Desperate Regulation for Desperate Cancer Patients: The Unmet Needs of Accelerated Drug Approval

Abstract

As we explained in Chapter 1, the regular process of drug development (as occurred with the glitazones in Chapter 3) includes three sequential phases of clinical trials before government regulatory agencies consider granting marketing approval for new drugs. Specifically, under the regular drug regulatory process, the EMEA and the FDA have required at least two ‘pivotal’ phase III randomized controlled clinical trials (RCTs) to demonstrate new drug efficacy before marketing approval. Often that involves trials designed to provide evidence of direct efficacy of the drug on clinical symptoms or survival.
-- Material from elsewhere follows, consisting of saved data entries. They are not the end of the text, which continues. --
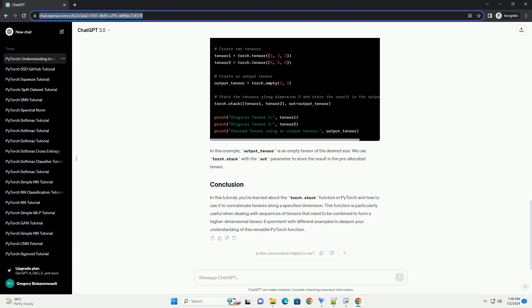In this tutorial, you've learned about the Torch.Stack function in PyTorch and how to use it to concatenate tensors along a specified dimension. This function is particularly useful when dealing with sequences of tensors that need to be combined to form a higher dimensional tensor. Experiment with different examples to deepen your understanding of this versatile PyTorch function.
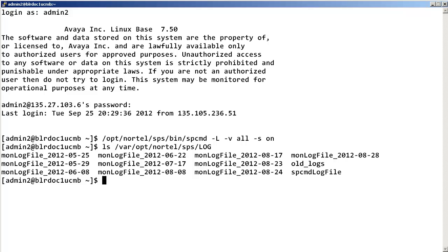Now, to turn off the SPS trace, enter the spcmd command with the following path and parameters.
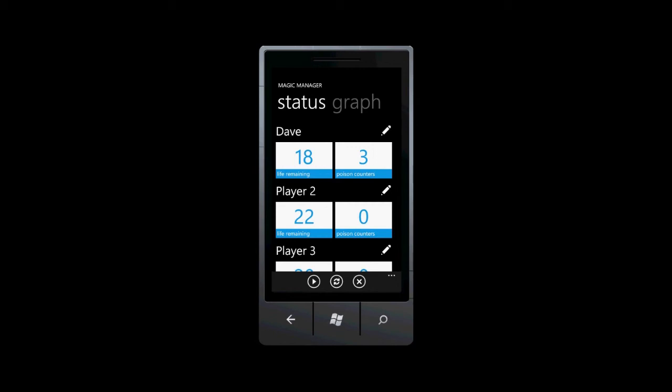When a game is complete, we can either click the reset button to start over if we want to play another game with the same players, or we can simply end the game by clicking the end game button. In either case, we're asked to confirm that we actually want to perform the action. For now, let's just end the game.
However, as we saw in Chapter 3 regarding diabetes drugs, sometimes regular marketing approval is based on a new drug’s effectiveness on an ‘established’ surrogate measure of clinical efficacy, that is, a laboratory or physical measure, which is accepted by regulatory agencies to reasonably substitute for clinical efficacy. For example, as discussed in Chapter 3, in the case of diabetes drugs, regulatory agencies have long accepted (perhaps too readily and wrongly) that a drug’s capacity to control blood-glucose is a valid predictor, and hence surrogate marker, of clinical efficacy to reduce the micro- and macrovascular effects of diabetes.